My mother’s challah recipe is justifiably requested by many who eat at her table. But it wasn’t quite what I had in mind: too large to be easily consumed during its short shelf-life (unlike my father, I’m not a big fan of French toast) and not the most obvious match to the Sephardic meal I had planned. Instead I unloaded the books of Claudia Roden (whose Book of Jewish Food demonstrates little interest in Ashkenazic cuisine but is an unparalleled resource on the food eaten by Sephardim from Libya to India to Turkey) and Joan Nathan (whose books on Israeli food and French-Jewish food capture how North African Jewish food in particular has been transplanted and adapted to different milieu over the last 60 years) and got to work.
Based on the evidence provided, the challah of Tunisian Jews differs from the Ashkenazic standard only in its particular braiding and shape.
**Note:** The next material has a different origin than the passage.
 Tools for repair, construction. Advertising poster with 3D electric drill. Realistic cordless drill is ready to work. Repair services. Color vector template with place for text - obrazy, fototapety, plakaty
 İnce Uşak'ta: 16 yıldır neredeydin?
By contrast, Algerian and Moroccan Jews use quite distinctive flavourings of anise and sesame seeds. The more refined versions of these challot, known as pain petri, are enriched with vegetable oil, egg and more sugar; some were also braided and glazed with egg yolk. The simpler are just lightly sweet, flavoured loaves, slightly flatter and wider than a conventional challah. (I also found one version, intended for the dairy break-fast meal after Yom Kippur, the Day of Atonement, where the water was substituted with milk. This is very similar to other Moroccan bread recipes not specifically associated with its Jewish population.)
I settled on the simplest version, known as a pan de casa in the dialect spoken by some Moroccan Jews. The dough came together easily and was ready to be shaped into a free-form loaf after about 90 minutes of rising time. After a further half hour, it was sprinkled with more sesame seeds and went into a medium-hot (375C or 190F) oven for 30 minutes.
It may not have been quite the challah of my youth, but my guests, who included an Anglican vicar and an Austrian Catholic, seemed unperturbed by any perceived break from tradition and very pleased with the taste.
Pan de Casa
adapted from Joan Nathan’s The Food of Israel Today
Total time: 2 ¾ hours; Active time: 15 minutes
I used a scant 2/3rds of the measurements given to make one free-from loaf large enough to feed four as a starter with dips, with leftovers for breakfast the next morning. I give the original measurements below, with the suggestion that the three smaller loafs are instead shaped into two slightly larger, higher ones. I did not find that this affected the baking time, but it may well require a few more minutes in other ovens.
The only other adjustment made was in substituting bread flour for all-purpose. I was advised by my mother than this would enable more gluten development and a higher, lighter loaf. (It seems to have worked.)
This dough makes a relatively soft crust. If you’d like something crisper, you might try putting the dough into a hotter oven, then immediately turning it down, or allowing it to cool in the switched-off oven, keeping the door open.
5 cups bread flour
1 tablespoon instant yeast
2 tablespoons sugar
1 tablespoon salt (I tend to use a bit more than called for in most bread recipes)
1 tablespoon anise seeds
1 tablespoon sesame seeds, with more to sprinkle on the shaped, unbaked loaf
1 ¾ cups warm water
Add the flour, yeast, sugar, salt and seeds to a large bowl. Pour in the water gradually, mixing by hand or with a large spoon to make a rough, slightly wet dough. (Add a bit of flour or water if the dough isn’t coming together.)
Turn out the dough onto a well-floured surface and knead until smooth and pliable, up to 10 minutes. Place back in the bowl, cover well and let rise in a slightly warm place until doubled, about 90 minutes.
Preheat the oven to 375C (190F). Grease two cookie or baking sheets. Punch back the dough and divide into two balls. Shape as desired and place on the cookie sheets. Sprinkle with additional sesame seeds. Cover and allow to rise for a further 30 minutes.
Bake the loaves for 30 minutes, or until they sound hollow on the bottom. Allow to cool fully before slicing.